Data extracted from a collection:
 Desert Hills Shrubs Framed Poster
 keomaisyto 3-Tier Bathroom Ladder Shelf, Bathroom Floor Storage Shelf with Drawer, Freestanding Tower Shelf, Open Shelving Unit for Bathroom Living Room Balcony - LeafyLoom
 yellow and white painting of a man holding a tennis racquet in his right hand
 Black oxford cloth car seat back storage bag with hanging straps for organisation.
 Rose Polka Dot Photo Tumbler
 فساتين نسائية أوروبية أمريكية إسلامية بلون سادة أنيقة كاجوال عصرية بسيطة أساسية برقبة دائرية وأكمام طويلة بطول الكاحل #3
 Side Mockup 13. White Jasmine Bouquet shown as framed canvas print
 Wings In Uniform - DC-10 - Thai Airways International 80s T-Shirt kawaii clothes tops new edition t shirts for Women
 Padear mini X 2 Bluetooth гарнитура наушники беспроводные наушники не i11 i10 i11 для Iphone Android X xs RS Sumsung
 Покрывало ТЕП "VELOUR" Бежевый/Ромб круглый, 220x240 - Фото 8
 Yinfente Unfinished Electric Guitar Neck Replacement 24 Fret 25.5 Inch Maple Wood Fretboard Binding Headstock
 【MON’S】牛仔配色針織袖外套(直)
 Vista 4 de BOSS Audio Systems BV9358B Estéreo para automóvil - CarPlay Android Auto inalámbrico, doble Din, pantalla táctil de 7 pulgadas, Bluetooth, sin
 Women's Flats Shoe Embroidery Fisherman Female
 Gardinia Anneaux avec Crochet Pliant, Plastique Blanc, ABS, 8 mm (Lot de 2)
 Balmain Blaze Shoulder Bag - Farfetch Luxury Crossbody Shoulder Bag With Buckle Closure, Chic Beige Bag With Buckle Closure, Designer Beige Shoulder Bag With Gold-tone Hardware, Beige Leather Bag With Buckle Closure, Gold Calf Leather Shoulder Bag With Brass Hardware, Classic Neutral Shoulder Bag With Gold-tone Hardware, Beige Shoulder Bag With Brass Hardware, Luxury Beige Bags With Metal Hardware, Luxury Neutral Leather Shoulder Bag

TASK STATEMENT: Filter the records above down to the lines that hold the string "Women".

RESULT OF THE EXERCISE:
 Wings In Uniform - DC-10 - Thai Airways International 80s T-Shirt kawaii clothes tops new edition t shirts for Women
 Women's Flats Shoe Embroidery Fisherman Female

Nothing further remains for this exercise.